Most of the losses I have watched happen in the first year of someone’s crypto use come back to the same small set of errors.

Treating the seed phrase like a password. People screenshot it, save it in Notes, email it to themselves, or skip writing it down entirely. The seed phrase is not a backup of your wallet; it is your wallet. Anyone who has those words, in that order, owns everything in it. Paper or steel, offline, in more than one physical location. Nothing else is safe.

Keeping too much in hot wallets because cold wallets feel inconvenient. Mobile and browser wallets are for small, active balances. Anything meaningful belongs in cold storage. The inconvenience of pulling out a hardware wallet is not comparable to the permanence of loss.
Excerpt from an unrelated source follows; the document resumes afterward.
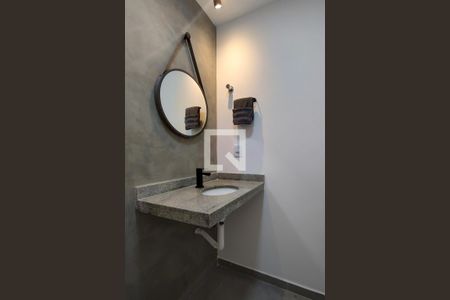 Apartamento para alugar com 52m², 1 quarto e 1 vaga Apartamento para alugar com 52m², 1 quarto e 1 vagaLavabo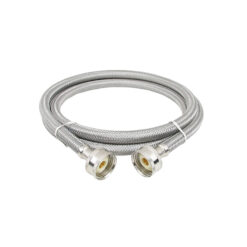 72" FLEX S/S WASHING MACHINE HOSE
Copying addresses from transaction history. Address poisoning attacks work by sending a small amount from a lookalike address so it appears in your history next to your real recipient. Verify the full string every time, or paste from a trusted source.

Leaving DeFi approvals open indefinitely. When you use a protocol, you grant its contract permission to move your tokens. That permission does not expire. Revoke.cash lets you audit and remove active approvals in a few minutes. Do it monthly at minimum.

Treating the end of confusion as the same thing as understanding. A concept that just started to make sense is not yet knowledge. Give it time. Test it by explaining it to someone else in your own words.